How to complete this task | All lines from the one containing "541 Villa Drive, Seabrook, TX 77586 - #1" to the end of the entries below should be output exactly as they appear. No other lines should be output.

Material shown |

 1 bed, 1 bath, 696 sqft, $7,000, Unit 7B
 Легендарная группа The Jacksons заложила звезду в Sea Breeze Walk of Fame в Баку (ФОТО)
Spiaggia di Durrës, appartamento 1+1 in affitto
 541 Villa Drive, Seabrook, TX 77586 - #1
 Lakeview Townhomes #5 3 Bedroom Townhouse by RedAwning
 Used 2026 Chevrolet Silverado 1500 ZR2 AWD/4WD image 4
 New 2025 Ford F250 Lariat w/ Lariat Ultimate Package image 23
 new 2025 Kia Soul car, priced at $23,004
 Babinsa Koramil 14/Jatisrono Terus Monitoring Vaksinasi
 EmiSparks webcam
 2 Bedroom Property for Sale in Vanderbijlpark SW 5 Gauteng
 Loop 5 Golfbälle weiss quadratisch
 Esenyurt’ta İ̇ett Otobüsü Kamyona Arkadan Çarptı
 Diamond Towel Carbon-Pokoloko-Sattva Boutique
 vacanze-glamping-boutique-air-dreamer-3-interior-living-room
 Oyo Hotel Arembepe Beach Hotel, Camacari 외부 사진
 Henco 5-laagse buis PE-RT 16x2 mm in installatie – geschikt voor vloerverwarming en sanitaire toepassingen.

Expected output |
 541 Villa Drive, Seabrook, TX 77586 - #1
 Lakeview Townhomes #5 3 Bedroom Townhouse by RedAwning
 Used 2026 Chevrolet Silverado 1500 ZR2 AWD/4WD image 4
 New 2025 Ford F250 Lariat w/ Lariat Ultimate Package image 23
 new 2025 Kia Soul car, priced at $23,004
 Babinsa Koramil 14/Jatisrono Terus Monitoring Vaksinasi
 EmiSparks webcam
 2 Bedroom Property for Sale in Vanderbijlpark SW 5 Gauteng
 Loop 5 Golfbälle weiss quadratisch
 Esenyurt’ta İ̇ett Otobüsü Kamyona Arkadan Çarptı
 Diamond Towel Carbon-Pokoloko-Sattva Boutique
 vacanze-glamping-boutique-air-dreamer-3-interior-living-room
 Oyo Hotel Arembepe Beach Hotel, Camacari 외부 사진
 Henco 5-laagse buis PE-RT 16x2 mm in installatie – geschikt voor vloerverwarming en sanitaire toepassingen.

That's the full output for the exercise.